[DATA TO PROCESS]:
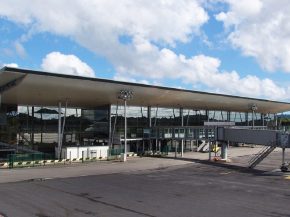
Moins de neuf mois après la reprise de la concession de l aéroport de Cayenne, l exploitant aéroportuaire français Egis encle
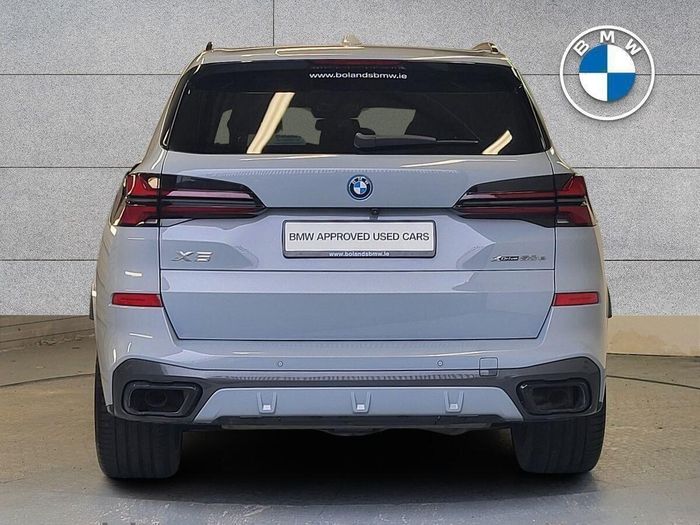 BMW X5 2024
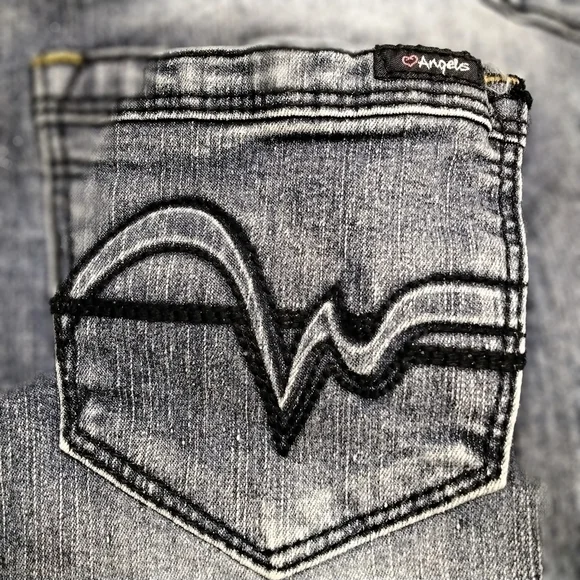 GIRL'S ANGEL CUT OFF JEANS    Size 5 - Picture 4 of 4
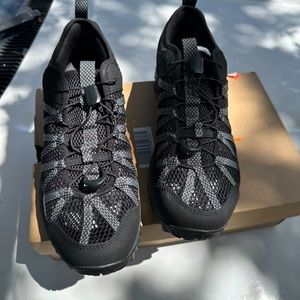 Shoes for hiking metrel size 10.5 new in box no tag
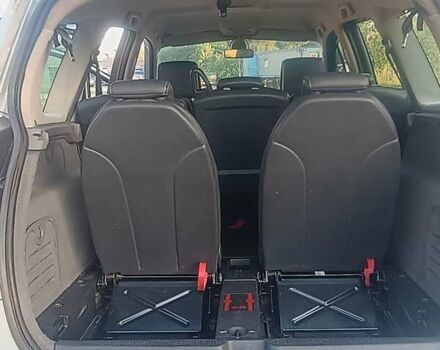 Серый Рено Гранд Сценик, объемом двигателя 1.9 л и пробегом 300 тыс. км за 4700 $, фото 11 на Automoto.ua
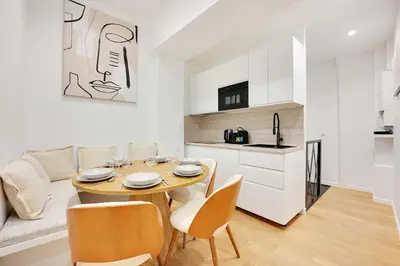 Cuisine ou kitchenette dans l'établissement Charming apartment - 3BR-8P -Centre Pompidou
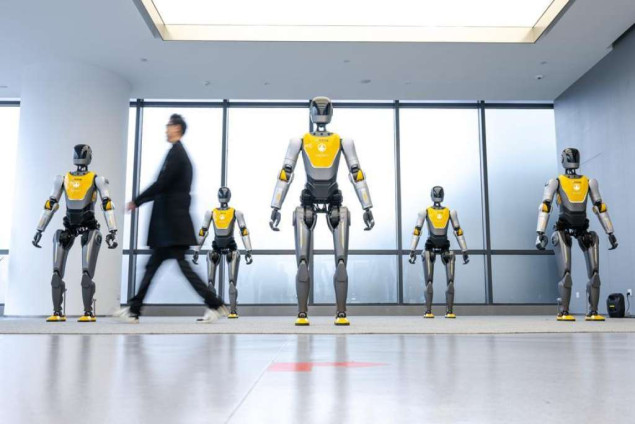 Trećina japanskih kompanija koristi ili razmatra AI robote, transportna industrija prednjači Trećina japanskih kompanija koristi ili razmatra AI robote, transportna industrija prednjači
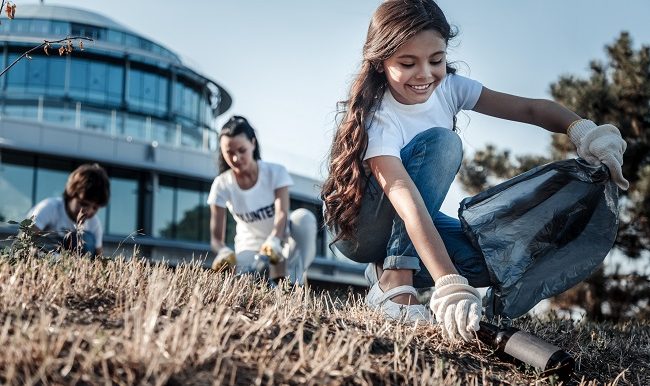 famille qui ramasse des déchets dans le parc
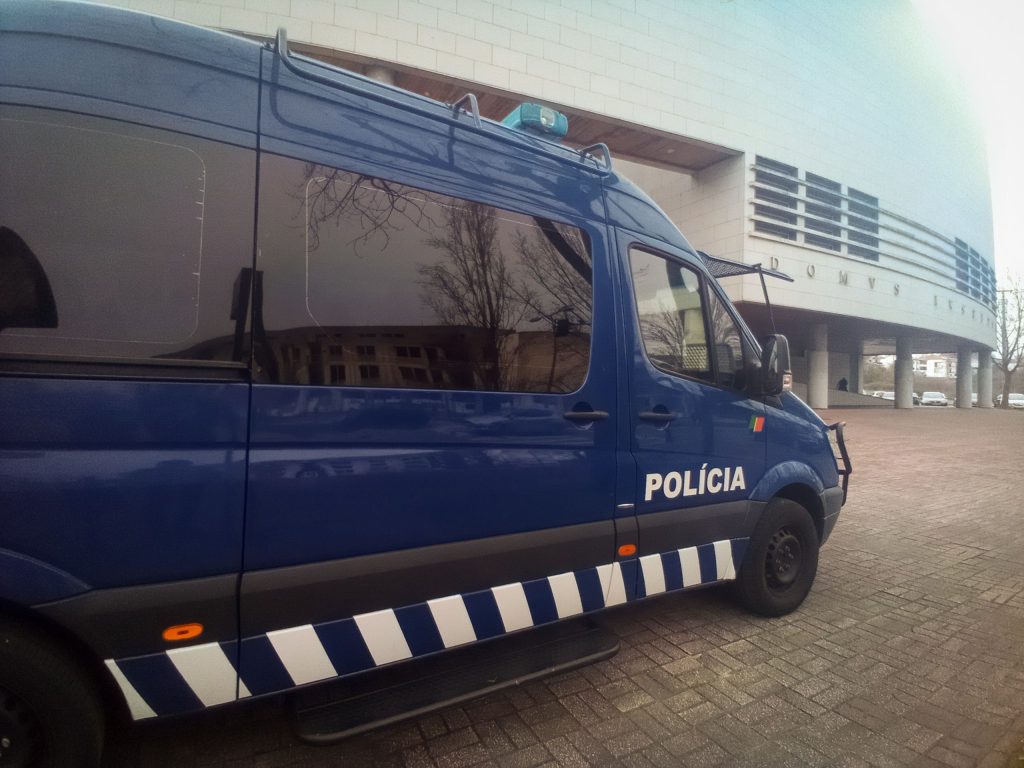  Jovem danifica sinal de trânsito e vai apresentar queixa contra polícias por agressão - Jornal do Centro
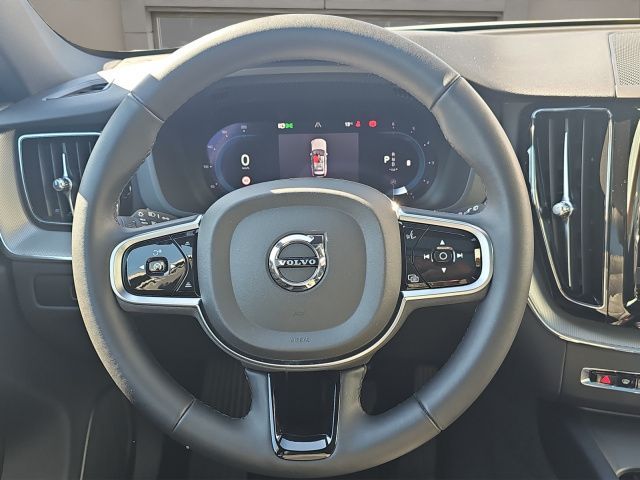 Volvo XC60 B4 Plus Dark - Samsaru's Car Outlet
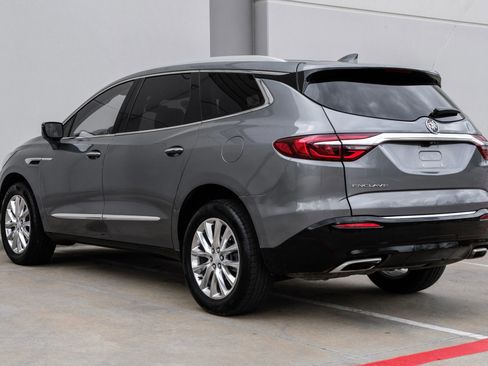 Used 2021 Buick Enclave Essence image 11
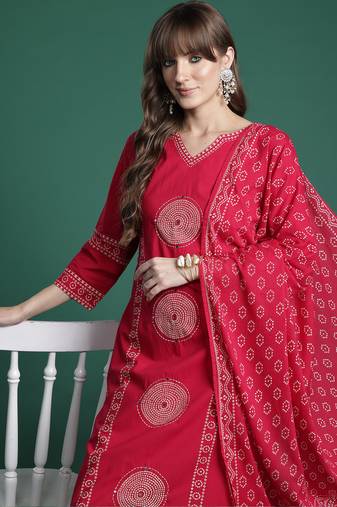 Pink printed straight kurta trousers with dupatta set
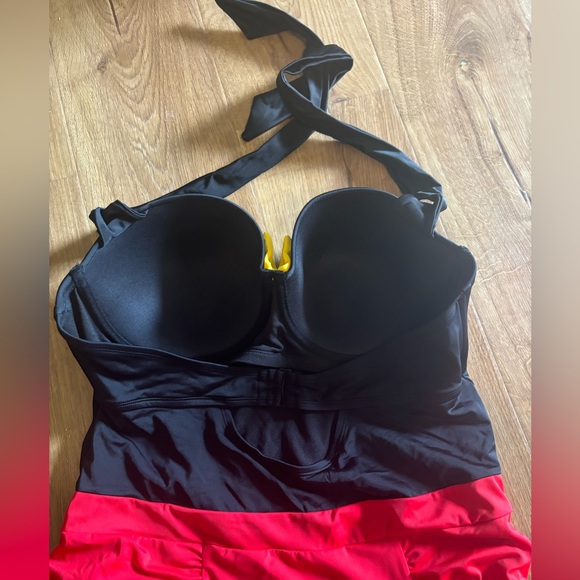 Disney plus size 2 one piece Minnie Mouse swimsuit - Picture 6 of 6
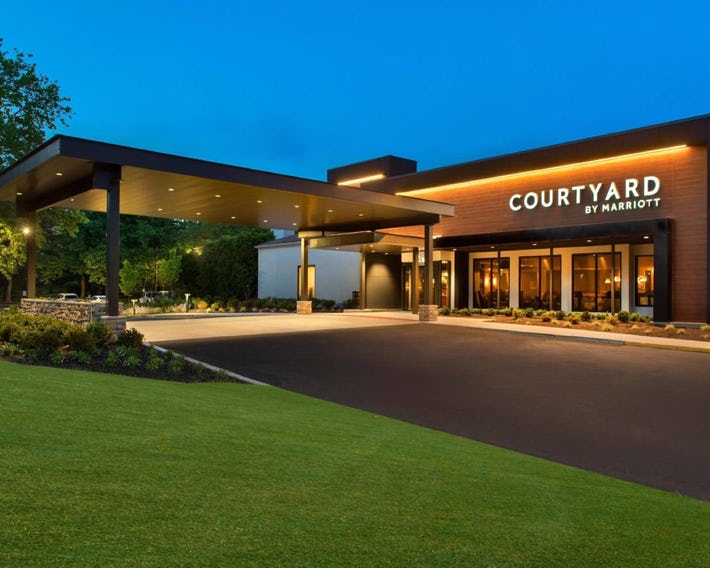 Courtyard by Marriott Lincroft Red Bank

[WORK INSTRUCTION]: Leaving every picture aside, transcribe exactly the lines from the one that contains "Disney plus size" through the final line of the listing above, inclusive.

[REPLY]:
 Disney plus size 2 one piece Minnie Mouse swimsuit - Picture 6 of 6
 Courtyard by Marriott Lincroft Red Bank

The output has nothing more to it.